Leave the pictures out. Return the rest of the listing below exactly.

**Dataset section:**
◇ ◇ ◇
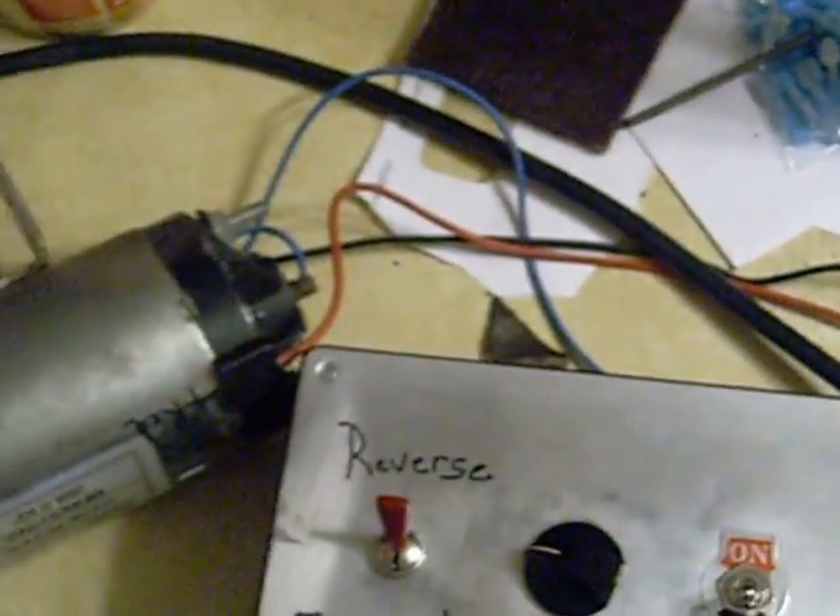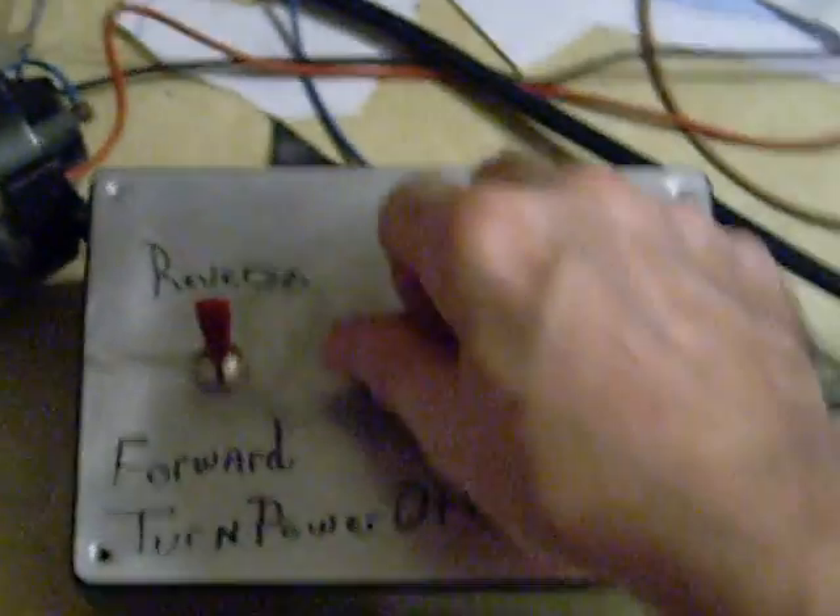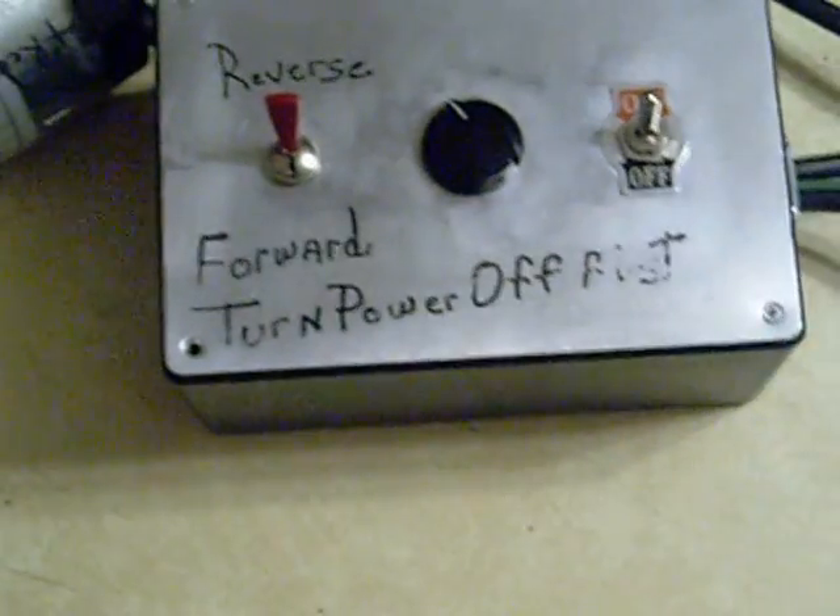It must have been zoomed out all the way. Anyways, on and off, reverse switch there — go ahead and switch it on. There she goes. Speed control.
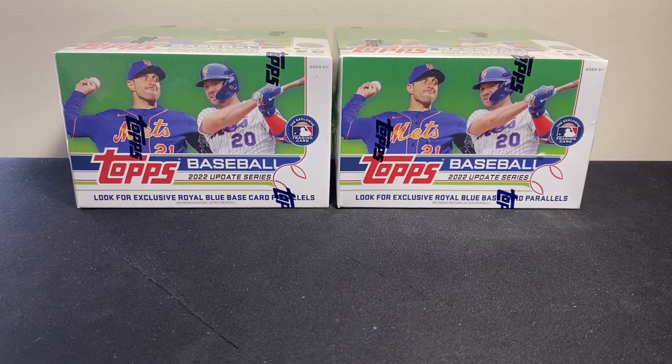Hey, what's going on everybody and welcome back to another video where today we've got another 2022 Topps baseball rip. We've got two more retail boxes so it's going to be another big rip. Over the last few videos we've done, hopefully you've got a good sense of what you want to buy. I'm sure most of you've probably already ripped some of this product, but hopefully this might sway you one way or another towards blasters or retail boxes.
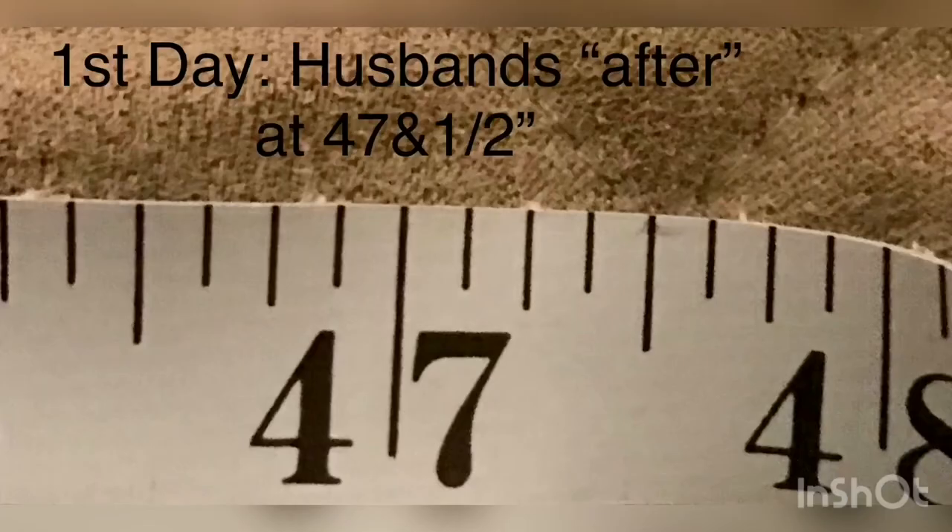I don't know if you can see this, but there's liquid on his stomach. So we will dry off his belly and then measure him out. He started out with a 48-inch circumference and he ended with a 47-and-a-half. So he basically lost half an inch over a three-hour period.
◇ ◇ ◇
**Solution:**
It must have been zoomed out all the way. Anyways, on and off, reverse switch there — go ahead and switch it on. There she goes. Speed control.
Hey, what's going on everybody and welcome back to another video where today we've got another 2022 Topps baseball rip. We've got two more retail boxes so it's going to be another big rip. Over the last few videos we've done, hopefully you've got a good sense of what you want to buy. I'm sure most of you've probably already ripped some of this product, but hopefully this might sway you one way or another towards blasters or retail boxes.
I don't know if you can see this, but there's liquid on his stomach. So we will dry off his belly and then measure him out. He started out with a 48-inch circumference and he ended with a 47-and-a-half. So he basically lost half an inch over a three-hour period.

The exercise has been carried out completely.